Il problema si presentava sotto forma del più piccolo componente di cui un veicolo ha bisogno per funzionare: i loro microchip. I microchip permettono ai componenti elettronici di un veicolo moderno di funzionare – tutto, dal sistema di infotainment alle unità di controllo del motore più basilari, usano tutti dei chip. La crescita della domanda dopo l’allentamento delle regole di permanenza a casa ha colto di sorpresa i produttori. A loro volta, le aziende che producono questi microchip non sono state in grado di aumentare l’offerta in linea con l’improvviso bisogno di numeri maggiori.

Perché? Perché durante la pandemia, quando la domanda di nuove automobili è scesa, le case automobilistiche non hanno avuto bisogno di questi semiconduttori perché hanno ridotto la produzione. Questo ha portato a un calo generale della domanda del settore automobilistico. I produttori di chip hanno quindi spostato la produzione verso altre industrie, una delle quali era l’elettronica di consumo. La domanda di elettronica di consumo è esplosa durante la pandemia, con persone bloccate a casa che spendevano soldi per nuovi televisori, computer portatili, telefoni e console di gioco. Improvvisamente le case automobilistiche si sono trovate sul fondo del mucchio.

Come spiega la CNBC, c’è anche un altro fattore: i microchip necessari per la funzionalità dei veicoli sono i cosiddetti chip “legacy”, microchip durevoli e di lunga durata che non producono i margini più alti per i produttori. Quindi, la priorità di fornire microchip all’industria automobilistica non era in cima alla lista dei produttori di microchip.

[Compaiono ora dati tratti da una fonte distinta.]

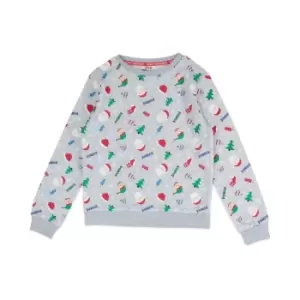 Image of Star Christmas Crew Sweatshirt Mens - Grey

Tuttavia, non è stata una sorpresa totale per l’industria, che ha affrontato tali carenze in passato. Alcuni produttori avevano previsto il deficit di microchip, e alcuni avevano già deciso di integrarsi verticalmente per produrre questi microchip. La carenza può anche essere ricondotta al fatto che la stragrande maggioranza dei semiconduttori sono prodotti a Taiwan. I produttori di automobili sono presumibilmente diversi gradi rimossi dal produttore effettivo, il che significa che l’ordine di riduzione iniziale ha probabilmente avuto un effetto a catena, causando un ridimensionamento sproporzionato da parte del produttore.

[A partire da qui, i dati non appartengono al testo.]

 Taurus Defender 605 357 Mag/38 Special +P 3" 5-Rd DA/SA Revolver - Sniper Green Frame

I produttori di auto che hanno fabbriche dedicate alla produzione di questi chip hanno maggiori probabilità di beneficiare dell’aumento delle vendite. Gli addetti ai lavori suggeriscono che i consumatori pagherebbero di più per ricevere il loro veicolo rapidamente, rispetto a spendere meno e aspettare la consegna della loro auto. La carenza di chip ha sollevato molti dubbi su quanto sia sensibile l’industria e se le case automobilistiche siano o meno agili come dovrebbero essere. Gli analisti dicono che c’è qualche luce, però. Bosch, per esempio, aprirà una fabbrica a Dresda per soddisfare la domanda di alcuni di questi microchip. Allo stesso tempo, questa battuta d’arresto può essere una massiccia apertura di occhi per altri produttori per perseguire la produzione interna di chip.

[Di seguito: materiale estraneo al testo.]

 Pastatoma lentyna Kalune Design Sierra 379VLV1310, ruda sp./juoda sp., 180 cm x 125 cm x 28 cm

Tuttavia, qualsiasi soluzione a lungo termine non arriverà presto. Le case automobilistiche stanno invece concentrando i microchip che hanno verso i veicoli che frutterebbero loro maggiori profitti, con molte aziende statunitensi che evitano le loro auto più economiche. Nel frattempo, la General Motors prevede che la carenza di chip potrebbe far perdere da 1,5 a 2 miliardi di dollari dai profitti di quest’anno, mentre sia la Ford che Stellantis prevedono che i ritardi nella fornitura continueranno probabilmente fino al 2022.